Bangkok, February 6, 2020 — Malaysian authorities should immediately drop all charges against journalist Wan Noor Hayati Wan Alias and allow reporters to freely cover and comment on the coronavirus outbreak, the Committee to Protect Journalists said today.
Yesterday, the Kuala Lumpur Magistrate’s Court filed three charges against Hayati, a reporter with the local Berita Harian Malay newspaper and New Straits Times English daily, under Section 505(b) of the country’s penal code, a criminal provision banning statements intended to cause “fear or alarm to the public” or “commit an offense against the State or public tranquility,” according to a report in the local daily Malay Mail.

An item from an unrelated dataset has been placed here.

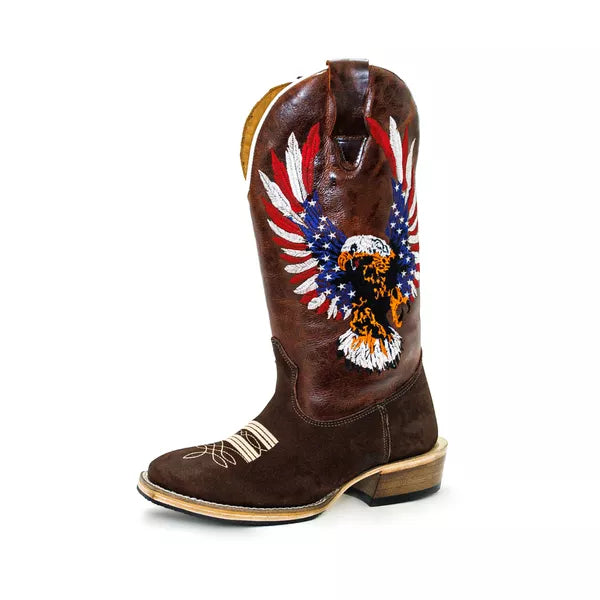 Bota Texana Salto Carrapeta Couro Legítimo Águia Americana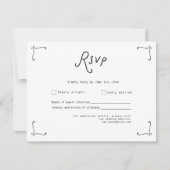 Whimsical Calligraphy Wedding RSVP Card (Voorkant)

The charges relate to three posts Hayati made on her public Facebook account, where she posts political commentary and news stories under the pen name “Ibu Yati” and has about 1,700 followers, according to local news website Malaysiakini and CPJ’s review of her page.
According to the Malay Mail, the posts were made at 10 p.m. on January 26, and included commentary on reports that 1,000 Chinese travelers were coming to Malaysia on a cruise ship. A screenshot of that post was published by local news portal Free Malaysia Today, but the post was taken down or set to private when CPJ reviewed Hayati’s page today. Yeoh Soon Hin, a Penang official, later said that about 1,200 Chinese tourists did arrive on a cruise ship, and said that they all underwent health exams before being allowed into Penang, according to reports.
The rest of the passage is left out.